WHAT THE TASK ASKS: Give back the data below word for word. Any image in it should be left out.

[DATA SEGMENT — start]

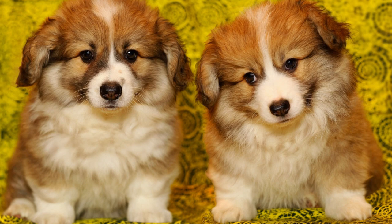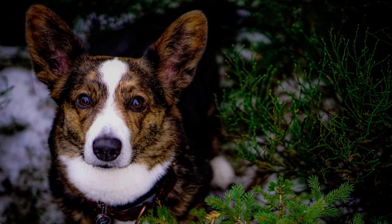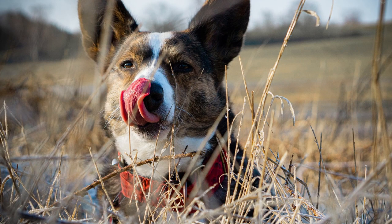In terms of personality, both Corgis share remarkable intelligence and loyalty to their owners. But the Pembroke tends to be a bit more extroverted and playful, while the Cardigan may be more reserved and observant. Both breeds have a history as herding dogs, but the Cardigan is known for being stronger and more robust, with a longer and sturdier body compared to the Pembroke, which tends to be somewhat more compact.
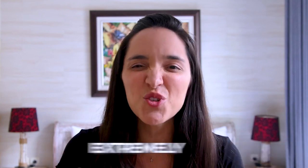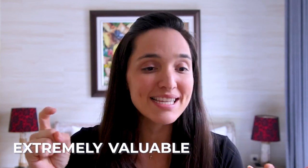My name is Ali Hobart and welcome to the Amazing Escape Plan channel where we share extremely valuable tricks, tips, tutorials, and everything related to selling on Amazon and e-commerce in general.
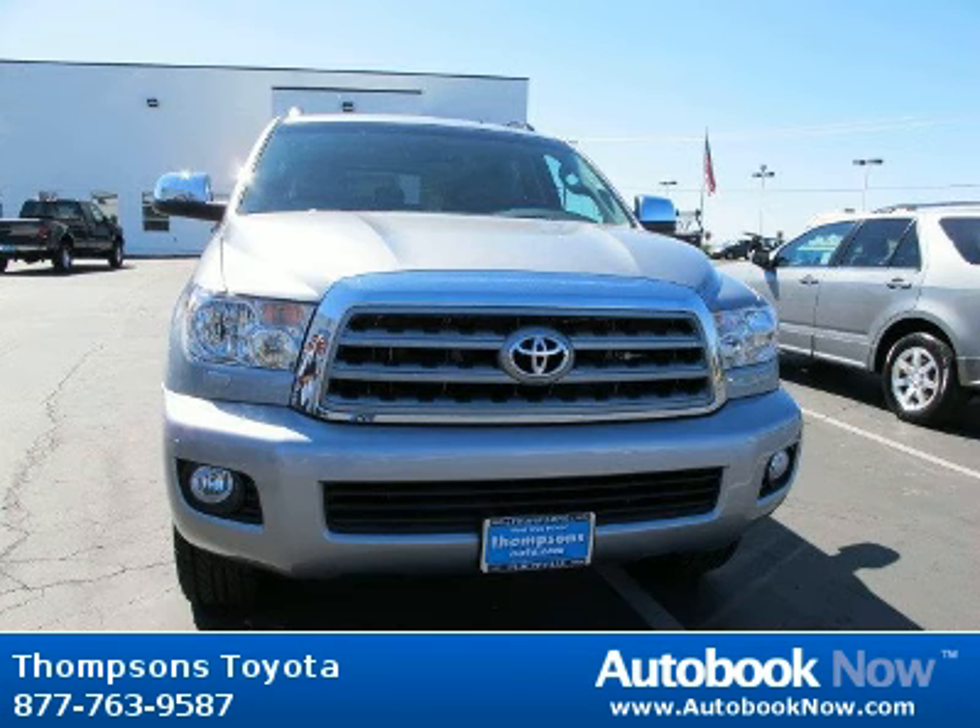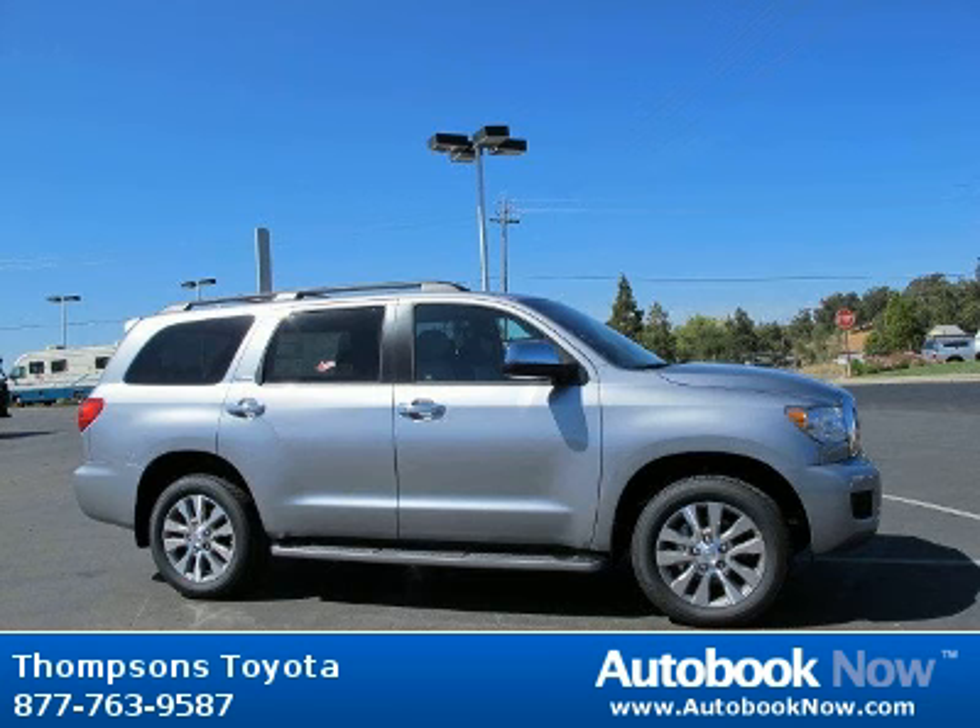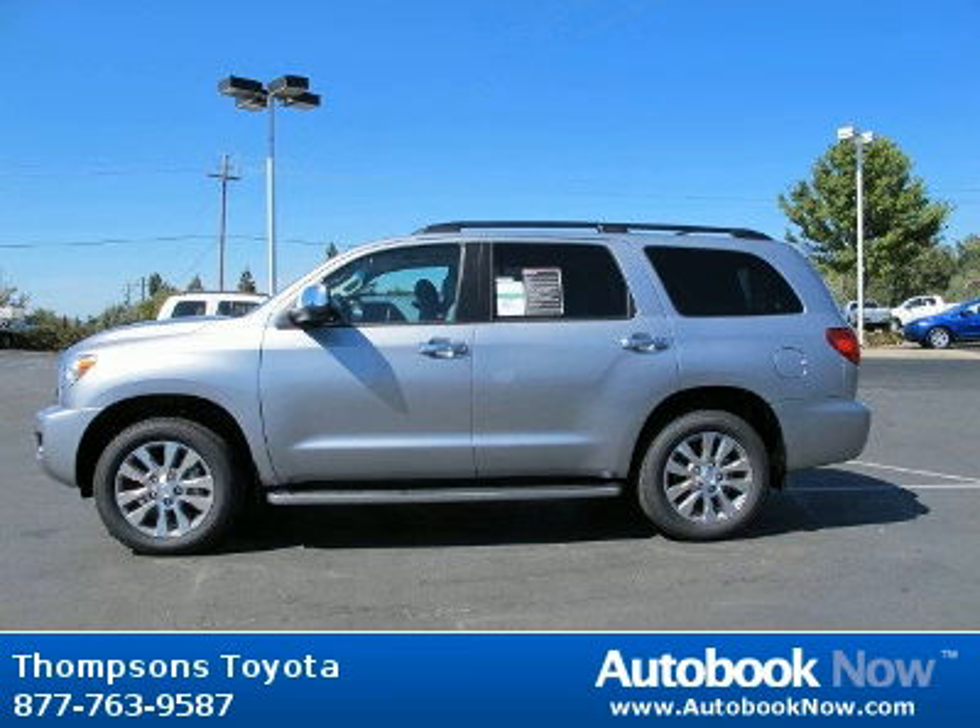This 2011 Toyota Sequoia is available at Thomson's Toyota in Placerville, California. This Sequoia has a beautiful silver sky metallic exterior and graphite limited leather interior. It has five miles on it.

[DATA SEGMENT — finish]

SOLUTION:
In terms of personality, both Corgis share remarkable intelligence and loyalty to their owners. But the Pembroke tends to be a bit more extroverted and playful, while the Cardigan may be more reserved and observant. Both breeds have a history as herding dogs, but the Cardigan is known for being stronger and more robust, with a longer and sturdier body compared to the Pembroke, which tends to be somewhat more compact.
My name is Ali Hobart and welcome to the Amazing Escape Plan channel where we share extremely valuable tricks, tips, tutorials, and everything related to selling on Amazon and e-commerce in general.
This 2011 Toyota Sequoia is available at Thomson's Toyota in Placerville, California. This Sequoia has a beautiful silver sky metallic exterior and graphite limited leather interior. It has five miles on it.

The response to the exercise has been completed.